We’ll have to agree to disagree, but if you read back through my posts, just keep in mind that they’re coming from someone that runs, counts the money and does the vast majority of the accounting for one of ‘these independent places’.

Funny thing, I thought of this thread today. Someones total was $1.48, he gave me a dollar, then pulled out some change and handed me two quarters. He not only said ‘keep the pennies’, but fished 3 or 4 more pennies out of his handful of change and tossed them in the little change dish.

We came out almost 5% up on that one sale alone.

OK, go talk to my employer about that, then.

My employer runs a high-volume, low profit margin business. Someone much higher up than me has decided that it is not cost-effective to count and re-count the till until it balances to the penny and determined the permitted parameters for being “off”.

I also have no illusions about this being tracked - it most certainly is. People have been fired for stealing, sometimes based on patterns when they are at the till. Absolutely the employer prefers that each drawer balances exactly, but the difference is that my employer is not getting obsessive over pennies. Or even quarters. They’ve been in business 85 years now and did $16 billion in revenue last year. I’m guessing they’re doing something right there. Oh, and they’ve given out 3 raises in the past two years to everyone at the company AND we just had the largest annual bonus given out ever in the companies history this month. I dunno, maybe they’re right that it’s not cost effective to spend the time and effort to balance each and every till to the penny every day, maybe the cost of the labor to hunt down $1.39 is more than the missing dollar amount, maybe they’re right to worry more about credit card fraud and shoplifting because maybe that’s costing the company more money than being off a bit on the cash drawer now and again. That’s not “nonchalant”, that’s running a cost vs. benefit equation and coming up with a different answer than you did.

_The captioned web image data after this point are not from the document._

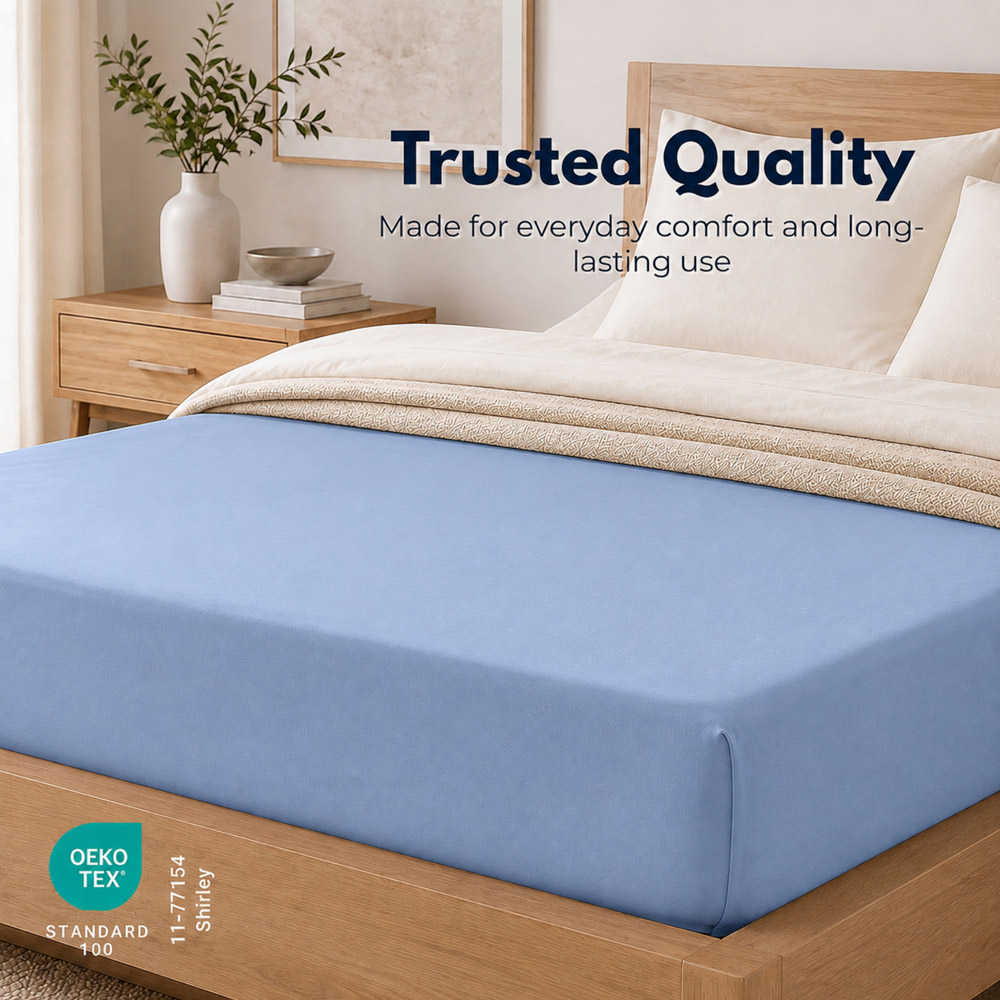 MHG Living Single Light Blue 30cm Deep Pocket Fitted Sheet Image 7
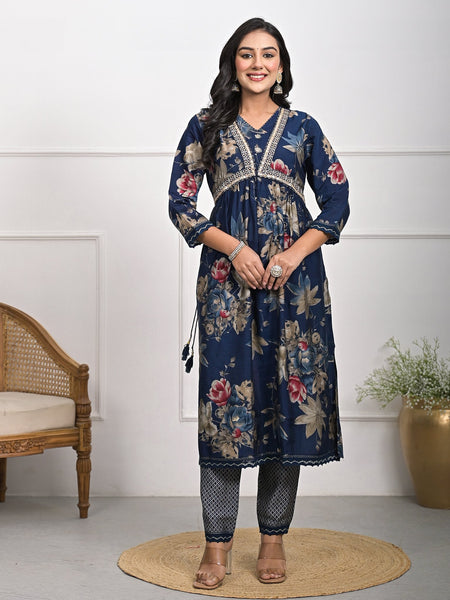 Elegant Muslin Blue Kurta Set with Dupatta and Pajama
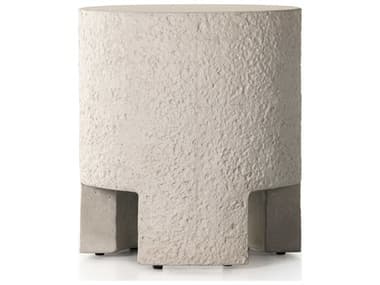 Four Hands Outdoor Constantine Blanc White / Matte 18'' Concrete Round End Table FHO231868001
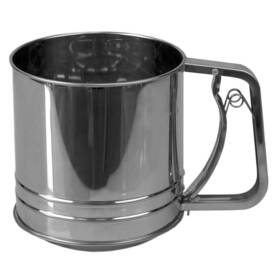 Home Basics 886466453402 Large Stainless Steel Shaker Sieve Cup Mesh Crank Flour Sifter Silver Home Basics 886466453402 Large Stainless Steel Shaker Sieve Cup Mesh Crank Flour Sifter Silver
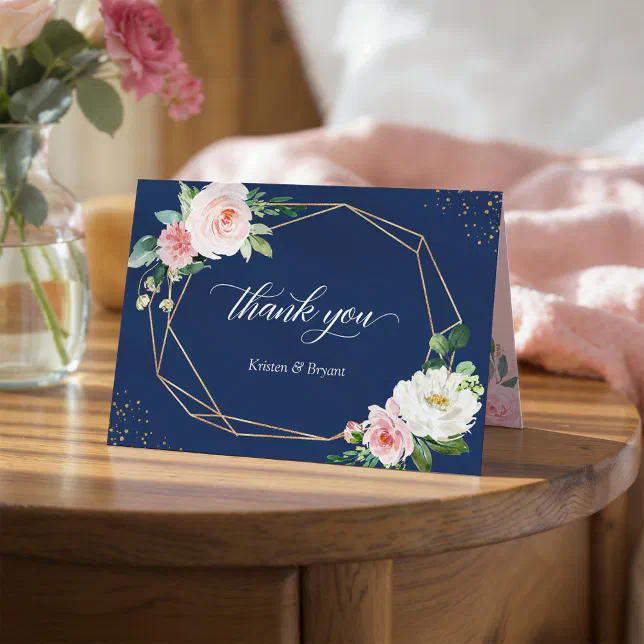 Blush Pink Floral Geometric Frame Navy Blue Thank You Card | Zazzle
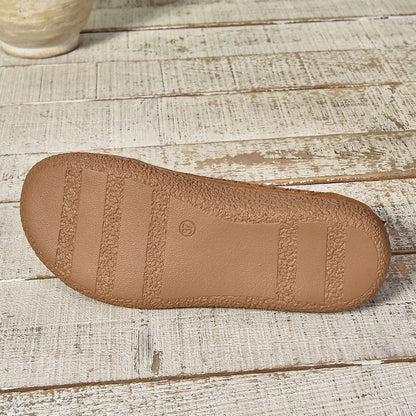 Auldweave women's fleece-lined winter slip-on shoes – tan anti-slip outsole close-up
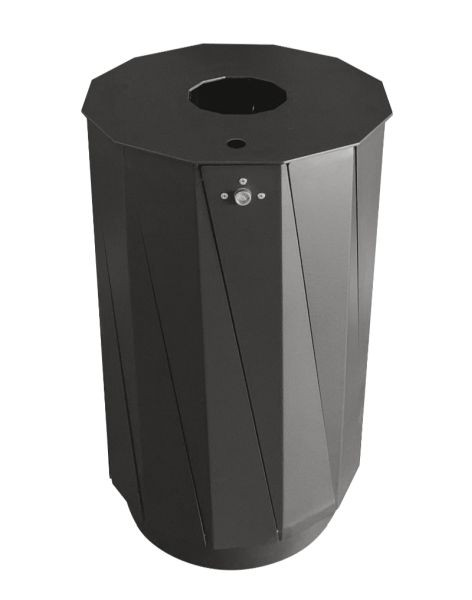 Renner staande afvalbak ca. 60 L, inclusief asbak met stevige dekselschijf, thermisch verzinkt en gepoedercoat, antracietgrijs, 7007-35PB 7016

Then again, what works for a company with 200+ stores and nearly 80,000 employees across six states isn’t necessarially what works for a small mom-and-pop shop, or a car dealership, or some other type of business. When I worked in shoe repair in small shops yes, the owners wanted that register to balance out every single day. Then again, a dollar was larger portion of their total money than it is for my employer.

Well, I got my answer.

My son-in-law is a district manager for a distribution company. Name brand food items. Mostly large grocery stores like Woodmans and Pick 'n Saves but I guess there are a few small gas stations and convenience stores along some of his drivers routes. I didn’t know that and just found out today when I brought up this subject. He works in an office so it never dawned on me he might know about this. We talked about it as my daughter drove us to pick up our motorcycles out of winter storage.

The answer is: *some the small independent convenience stores are completely full of shit. A lot of them are run by immigrants who have undocumented workers (or immigrant relatives whose visa has expired) to work for them. There are a lot of Iranians and Sikhs operating these places.

Every 6 months to a year they are giving the delivery drivers another tax ID number because they keep changing the name of the owner on paper because they keep little to no records for any tax purposes. Whatever they claim for income and sales tax collection is a fairy tale.

They don’t care what the register till balance is because they don’t care about accurate records for official purposes. They just make something up. The mark up on things at these places is usually so insane that they are making a nifty nickel no matter what. And when they get audited the owner on paper is usually nowhere to be found.*

All his words, not mine. But it’s about what I’d guessed. I just wonder why you don’t hear about these places getting audited, raided, or shut down very often.

That’s not the answer for the very white bread places I’ve worked at, but I’m glad your son-in-law confirmed your hunch. If you just wanted to hear the answer you wanted to hear, you should have told us.

I never said they were “white bread” places.

and he didn’t say all of them were like this, just some. The ones I’ve seen must be, though.